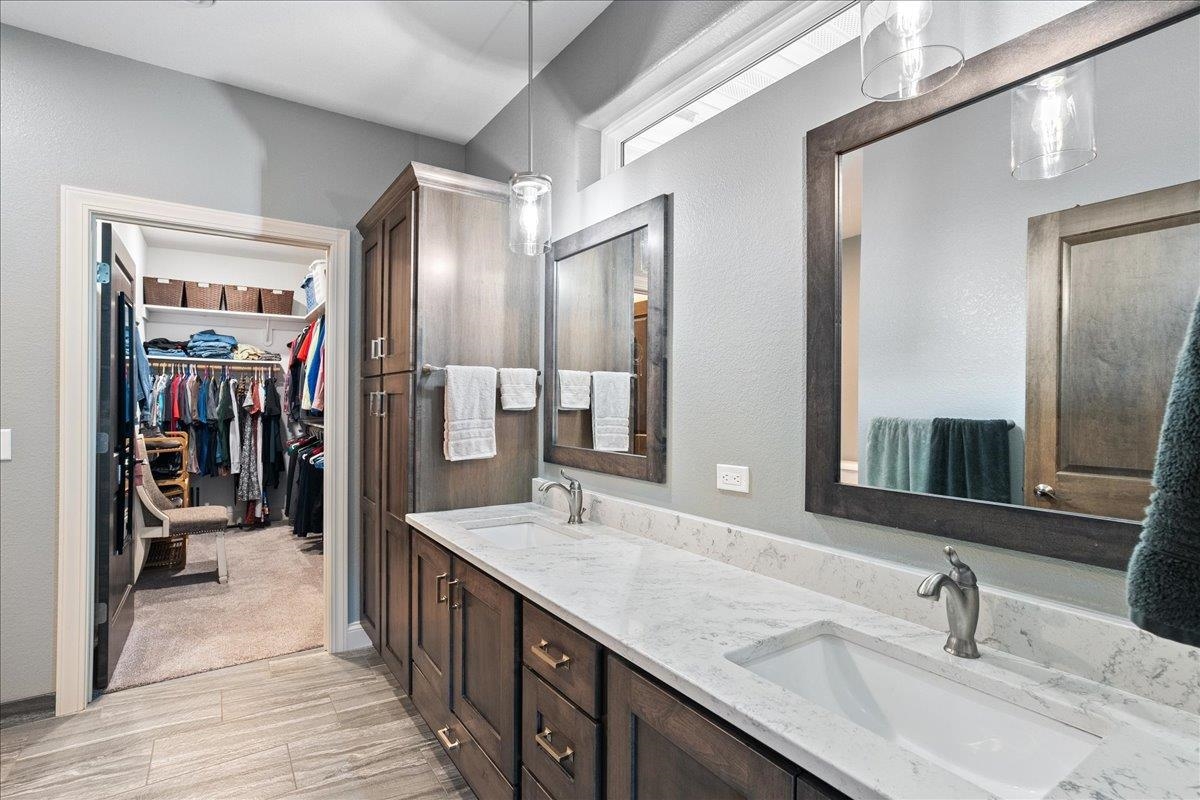 1415 E 20TH STREET, Marshfield, Wisconsin 54449, 2 Bedrooms Bedrooms, ,2 BathroomsBathrooms,Residential,For Sale,1415 E 20TH STREET,22502476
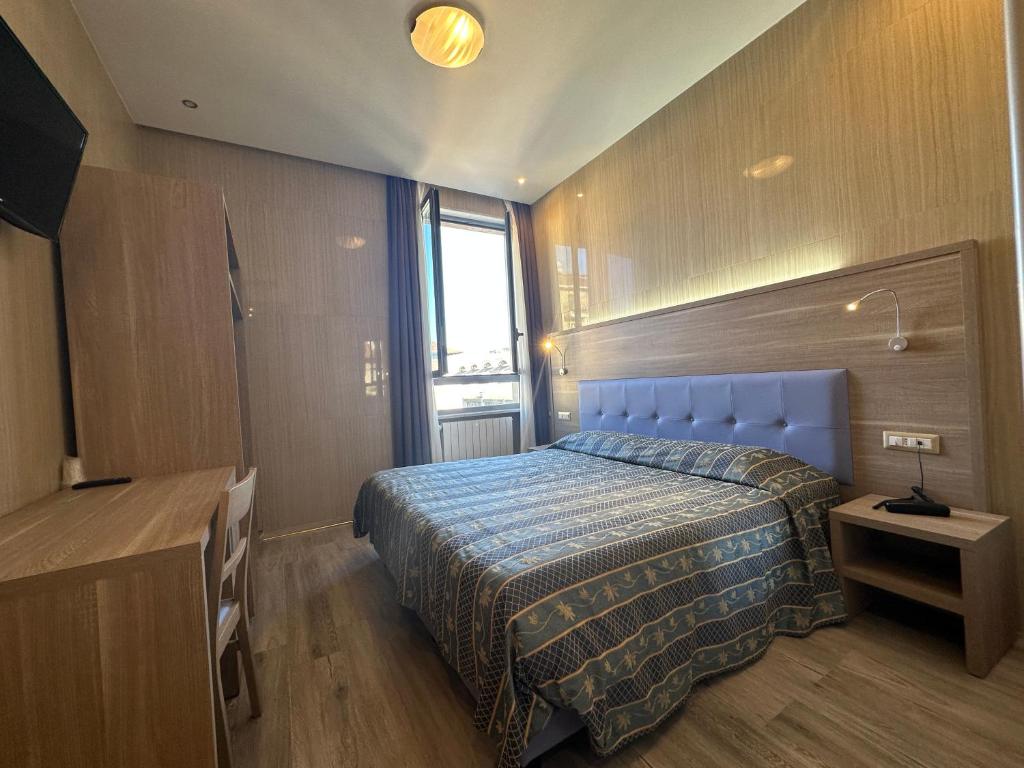 Postel nebo postele na pokoji v ubytování Hotel Midway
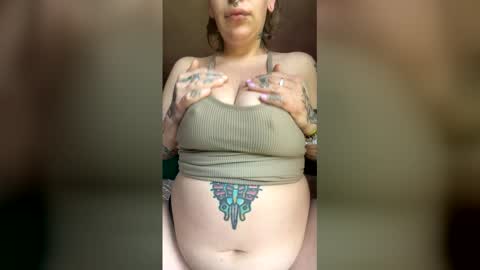 eggsma666 online show from April 18, 4:09 pm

*Instructions for the task*. Repeat each line above exactly. The pictures stay out.

*Solution to the exercise*.
 1415 E 20TH STREET, Marshfield, Wisconsin 54449, 2 Bedrooms Bedrooms, ,2 BathroomsBathrooms,Residential,For Sale,1415 E 20TH STREET,22502476
 Postel nebo postele na pokoji v ubytování Hotel Midway
 eggsma666 online show from April 18, 4:09 pm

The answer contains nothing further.